I hadn't noticed that module-info is ignored for executable JARs without special command-line launcher options, and of course those options aren't going to happen under Windows. In all the desperate searching for something that would compile, I missed that part of the JLS/JEP changes. My mistake.

The rest is just me thinking aloud. Feel free to ignore:

So... using the standard JAXB stuff isn't an option, since there's no mechanism for us to require the EE XML modules. In the immediate term, we'll have to get the standalone JAXB implementation and build it into our own JAR to ship. Regarding Java 9, the standalone JAXB release says "Implementation and tool jars jaxb-core, jaxb-impl, jaxb-xjc and jaxb-jxc contain split packages and cannot be used as JPMS automatic modules." so possibly we have to ship it all under some other merged package name to prevent the JRE from hosing us with name clashes. After that, in the short term we need to migrate away from using JAXB at all, since apparently JAXB is such a bad thing that we didn't even get a single major release of Java where it only caused warnings before they broke it. In the medium/long term... we need to reconsider whether Java is still a useful platform for our project, given how hostile this release has been to developers and how much our customer base hates installing the JRE. I'm sure the Oracle/OpenJDK cathedral have no problem handwaving away problems with "just launch with these options" but in the real world that's not always under our control.

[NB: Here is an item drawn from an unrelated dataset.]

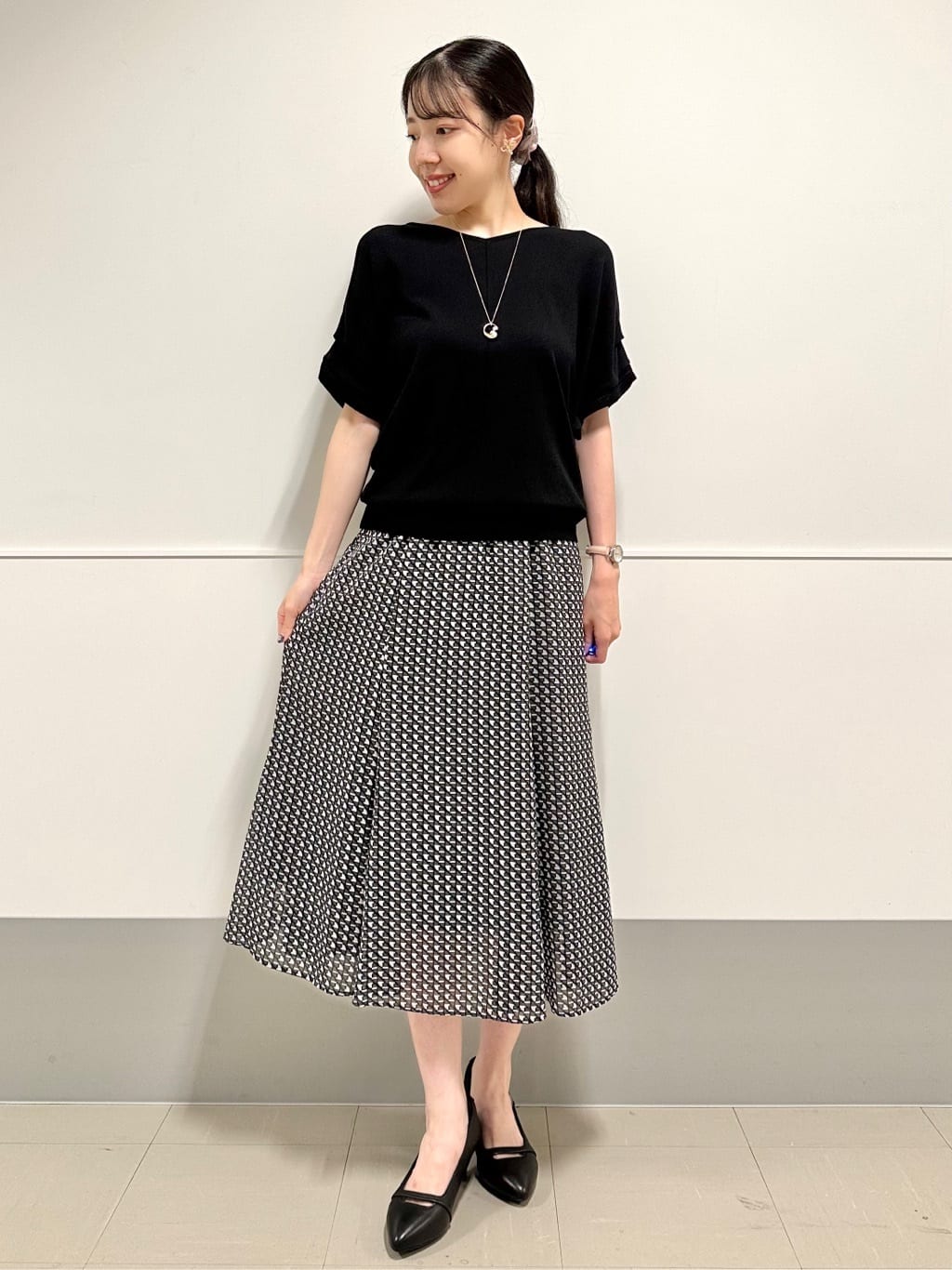 Momoさんの「Reflect｜【選べる7色◎／手洗い可／二の腕カバー】半袖ニット」を使ったコーディネート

Possibly we can get a JNLP file to launch the software instead, and use java-vm-args to pass along all the magic handwavy add-module options. Then we reduce the problem to fighting with JWS when there's no codebase= parameter, which still is retardedly limited despite the JNLP fixes in Java 1.6. Still, it's a start. [edit: nope, Oracle's Standard Edition Deployment Guide for Java 9 says "Modular applications can be packaged as self-contained applications. They cannot be packaged as Java Web Start applications." Boy, they really don't give a rat's ass about current developers.] Relying on launching-JAR-via-double-click was a dumb thing to do, but that's another thing developers don't always get to control. It would at least buy us time until Java 10 (or "Java 18.5" or whatever other shitty number that pretends to be semantic versioning but is actually just marketing) removes JAXB and the other workarounds. That might be enough time to move to C++.

End of rant.

[Updated on: Tue, 07 November 2017 17:22]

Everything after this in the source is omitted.